RabbitMQ Peer-Connection
Hello folks,
im am using AMQP (RabbitMQ) for our IntelMQ solution. During development I noticed, that the bots losing connection to RabbitMQ after short time. In my comprehension I think it is because of the short heartbeat parameter set in the pipeline.py.
It says, that the connection should timeout after 10 seconds. I think there was a misunderstanding by that (probably the developer thought that the heartbeat is send after every 10 seconds).
In pipeline.py:
if pika_version < (0, 11):
self.kwargs['heartbeat_interval'] = 10
else:
self.kwargs['heartbeat'] = 10
It would be great, if there is a global parameter, maybe for the Global section in runtime.yaml.
FYI: The source queue does not timeout because it is continually asking the queue if there is a message (pseudo heartbeat), but the destination queue does.
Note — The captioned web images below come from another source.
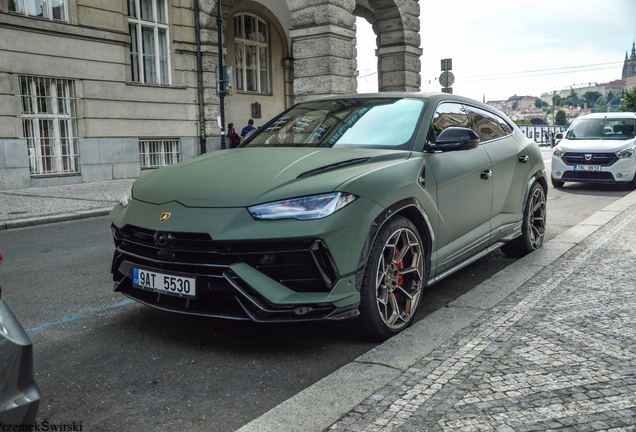 Lamborghini Urus Performante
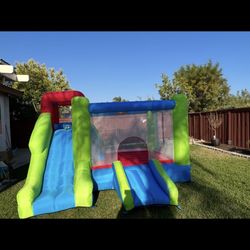 Bounce House 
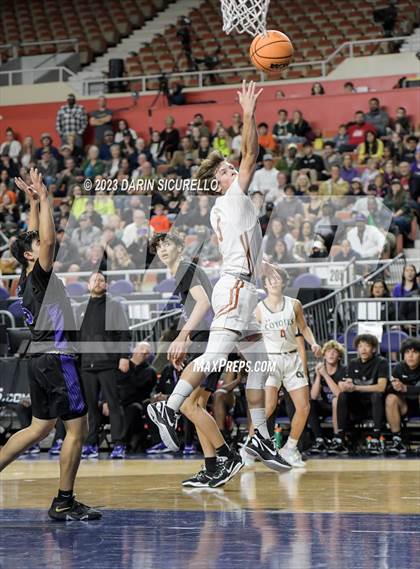 Thumbnail 2 in Millennium vs Campo Verde (AIA 5A Final) photogallery.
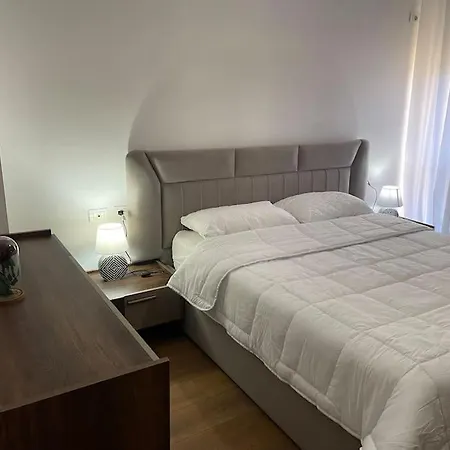 Comfy Cozy Τίρανα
After timeout the bot throw an exception if it tries to send a message to the destination queue (like following Error Log) and reconnect after 15 seconds. So the bot is still working after that, but in my opinion in an unpleasant way.
Error Log:
pika.exceptions.StreamLostError: Stream connection lost: ConnectionResetError(104, 'Connection reset by peer')
During handling of the above exception, another exception occurred:
Traceback (most recent call last):
File "/opt/intelmq_dev/intelmq/lib/bot.py", line 321, in start
self.process()
File "/opt/intelmq_dev/intelmq/bots/experts/filter/expert.py", line 142, in process
self.send_message(event)
File "/opt/intelmq_dev/intelmq/lib/bot.py", line 633, in send_message
self.__destination_pipeline.send(raw_message, path=path,
File "/opt/intelmq_dev/intelmq/lib/pipeline.py", line 558, in send
self._send(destination_queue, message)
File "/opt/intelmq_dev/intelmq/lib/pipeline.py", line 533, in _send
raise exceptions.PipelineError(exc)
intelmq.lib.exceptions.PipelineError: pipeline failed - StreamLostError: ("Stream connection lost: ConnectionResetError(104, 'Connection reset by peer')",)
2022-06-29 13:33:23,893 - Filter-Expert - INFO - Bot will continue in 15 seconds.
2022-06-29 13:35:07,908 - Filter-Expert - ERROR - Pipeline failed.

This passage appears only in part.